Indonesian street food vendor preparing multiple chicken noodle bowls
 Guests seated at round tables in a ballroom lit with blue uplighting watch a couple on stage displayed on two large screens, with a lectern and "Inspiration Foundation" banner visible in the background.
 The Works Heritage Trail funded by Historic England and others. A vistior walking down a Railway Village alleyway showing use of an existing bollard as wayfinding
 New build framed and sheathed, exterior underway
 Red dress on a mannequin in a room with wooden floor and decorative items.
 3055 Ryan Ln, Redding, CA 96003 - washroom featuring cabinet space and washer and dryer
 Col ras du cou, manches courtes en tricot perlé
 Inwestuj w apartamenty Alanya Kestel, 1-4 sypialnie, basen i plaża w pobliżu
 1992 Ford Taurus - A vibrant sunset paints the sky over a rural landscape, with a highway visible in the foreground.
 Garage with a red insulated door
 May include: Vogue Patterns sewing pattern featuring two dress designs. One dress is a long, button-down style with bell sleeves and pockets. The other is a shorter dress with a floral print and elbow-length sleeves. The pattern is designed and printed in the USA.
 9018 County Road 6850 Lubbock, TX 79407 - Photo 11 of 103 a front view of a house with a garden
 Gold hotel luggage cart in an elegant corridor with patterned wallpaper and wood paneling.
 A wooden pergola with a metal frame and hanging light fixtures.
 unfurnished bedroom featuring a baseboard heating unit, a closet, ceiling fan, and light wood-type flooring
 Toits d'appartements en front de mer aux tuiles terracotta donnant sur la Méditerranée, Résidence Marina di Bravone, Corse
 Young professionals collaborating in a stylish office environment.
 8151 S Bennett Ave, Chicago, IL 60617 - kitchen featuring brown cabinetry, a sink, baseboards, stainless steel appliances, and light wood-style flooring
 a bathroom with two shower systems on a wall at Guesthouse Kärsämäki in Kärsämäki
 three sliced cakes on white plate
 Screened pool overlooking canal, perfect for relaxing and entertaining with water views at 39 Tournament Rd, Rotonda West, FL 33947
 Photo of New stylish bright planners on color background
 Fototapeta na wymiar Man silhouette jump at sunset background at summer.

- - - -

Make a precise copy of the records in their entirety.

FINISHED TASK:
Indonesian street food vendor preparing multiple chicken noodle bowls
 Guests seated at round tables in a ballroom lit with blue uplighting watch a couple on stage displayed on two large screens, with a lectern and "Inspiration Foundation" banner visible in the background.
 The Works Heritage Trail funded by Historic England and others. A vistior walking down a Railway Village alleyway showing use of an existing bollard as wayfinding
 New build framed and sheathed, exterior underway
 Red dress on a mannequin in a room with wooden floor and decorative items.
 3055 Ryan Ln, Redding, CA 96003 - washroom featuring cabinet space and washer and dryer
 Col ras du cou, manches courtes en tricot perlé
 Inwestuj w apartamenty Alanya Kestel, 1-4 sypialnie, basen i plaża w pobliżu
 1992 Ford Taurus - A vibrant sunset paints the sky over a rural landscape, with a highway visible in the foreground.
 Garage with a red insulated door
 May include: Vogue Patterns sewing pattern featuring two dress designs. One dress is a long, button-down style with bell sleeves and pockets. The other is a shorter dress with a floral print and elbow-length sleeves. The pattern is designed and printed in the USA.
 9018 County Road 6850 Lubbock, TX 79407 - Photo 11 of 103 a front view of a house with a garden
 Gold hotel luggage cart in an elegant corridor with patterned wallpaper and wood paneling.
 A wooden pergola with a metal frame and hanging light fixtures.
 unfurnished bedroom featuring a baseboard heating unit, a closet, ceiling fan, and light wood-type flooring
 Toits d'appartements en front de mer aux tuiles terracotta donnant sur la Méditerranée, Résidence Marina di Bravone, Corse
 Young professionals collaborating in a stylish office environment.
 8151 S Bennett Ave, Chicago, IL 60617 - kitchen featuring brown cabinetry, a sink, baseboards, stainless steel appliances, and light wood-style flooring
 a bathroom with two shower systems on a wall at Guesthouse Kärsämäki in Kärsämäki
 three sliced cakes on white plate
 Screened pool overlooking canal, perfect for relaxing and entertaining with water views at 39 Tournament Rd, Rotonda West, FL 33947
 Photo of New stylish bright planners on color background
 Fototapeta na wymiar Man silhouette jump at sunset background at summer.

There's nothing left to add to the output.